A avó, matriarca da família, sentada naquela cadeira de espaldar alto, com a bengala de castão. Oficiei o matrimônio com a maior dignidade, diga-se de passagem. Como texto, uma fala com um estranho sotaque que ninguém poderia entender, muito menos a matriarca:

– Trobraniakis varonsky chatronivev. Vortazim nik faskanu yamusquen Paulo et Wanda patrany.

Os noivos colocaram as alianças, eu pedi taças de champagne para mim e para alguns parentes coniventes com aquela farsa, tomei a champagne (já estava fazendo falta àquela altura) e, lembrando de outras cerimônias, isolei a taça na parede, com a saudação “Trovansky matrimonian!”

Imediatamente, todos os presentes acompanharam o meu gesto e todas as taças foram estilhaçadas na parede, para tristeza da Beki:

– Ai, meu Deus, as minhas taças de cristal da Romênia.

De qualquer maneira, fiquei com uma ponta de arrependimento quando a avó, comovida, beijou minha mão em religiosa reverência. Apenas um passageiro constrangimento, que passou logo que o som do conjunto de Luiz Carlos Vinhas, que eu também havia providenciado, agitasse o ambiente: “avisou, avisou, avisou, que vai rolar na festa”. E a festa rolou.

As taças que sobraram ficaram mais algumas vezes cheias e vazias. Liberado das minhas atividades litúrgicas, passei às atividades do samba, que exerço com razoável competência. Impressionada com o desembaraço coreográfico do “rabino”, a avó desconfiou.

Para manter a seriedade da cerimônia anterior, fomos ambos afastados da sala. Põe a vovó na varanda e o Miele no táxi, que fica tudo certo.

No dia seguinte, o Horácio Klabin me ligou, para saber se aquela “performance” da noite anterior tinha custado alguma coisa, se eu tinha algum cachê a receber.

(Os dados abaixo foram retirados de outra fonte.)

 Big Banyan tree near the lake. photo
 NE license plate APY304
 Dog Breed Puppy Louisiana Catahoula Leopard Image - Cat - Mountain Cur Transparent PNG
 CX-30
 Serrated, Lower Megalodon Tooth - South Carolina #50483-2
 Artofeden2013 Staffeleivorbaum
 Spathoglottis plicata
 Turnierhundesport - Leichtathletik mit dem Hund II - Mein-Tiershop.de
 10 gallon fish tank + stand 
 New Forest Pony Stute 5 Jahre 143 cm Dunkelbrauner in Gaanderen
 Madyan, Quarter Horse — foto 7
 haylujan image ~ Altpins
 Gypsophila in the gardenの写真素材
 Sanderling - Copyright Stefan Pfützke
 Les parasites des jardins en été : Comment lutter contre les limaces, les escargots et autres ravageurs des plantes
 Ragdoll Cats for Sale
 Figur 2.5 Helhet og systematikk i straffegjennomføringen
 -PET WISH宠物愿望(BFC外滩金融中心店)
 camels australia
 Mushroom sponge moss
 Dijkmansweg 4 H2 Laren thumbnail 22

Não tinha.

De qualquer maneira, ele resolveu retribuir e marcou uma mesa de dezoito pessoas no Pujol. Eram os casais amigos, que tinham vindo de São Paulo para o casamento. Era uma mesa que garantia o equivalente a uma semana de faturamento.

Champagne, caviar etc. No fim, uma despesa maravilhosa. Não me lembro dos valores da época, mas, só para ilustrar, vamos imaginar uma cifra de dez mil reais.

O Horácio pediu a conta, eu elegantemente respondi que mandaria cobrar no escritório, ele retrucou que nada disso e fez um cheque de 11 mil reais, incluindo mais 10% além do serviço obrigatório, o que levou maîtres e garçons a votarem nele para personalidade da semana. Todos os garçons, menos um. Completamente idiota, ele ignorou a generosidade e puxando a manga do paletó do Dr. Horácio, exclamou:

– Doutor, o senhor vai me desculpar, mas o cigarro aqui é por fora. Tem dois Hollywood na mesa.

É claro que eu comecei imediatamente a me desculpar, ficou tudo meio confuso, os convidados todos já estavam na escada que levava para o andar térreo, o Horácio respondeu que não havia problema, eu disse que o garçom era um substituto, o maître começou a chamar pelo nome merecido a mãe do garçom, mas o próprio retribuiu.

Segundo fora, e o maître acerta um dos melhores cruzados de esquerda que eu já havia visto. Só que na direção errada, pois o garçom desabou pela escada, levando com ele aquela confusão de blazers, penteados e casacos de pele. Como num lance de boliche: strike.

E no alto da escada, eu, ex-rabino e provavelmente ex-cliente do Diner’s, exclamando sem graça:

– Obrigado pela preferência, apareçam sempre.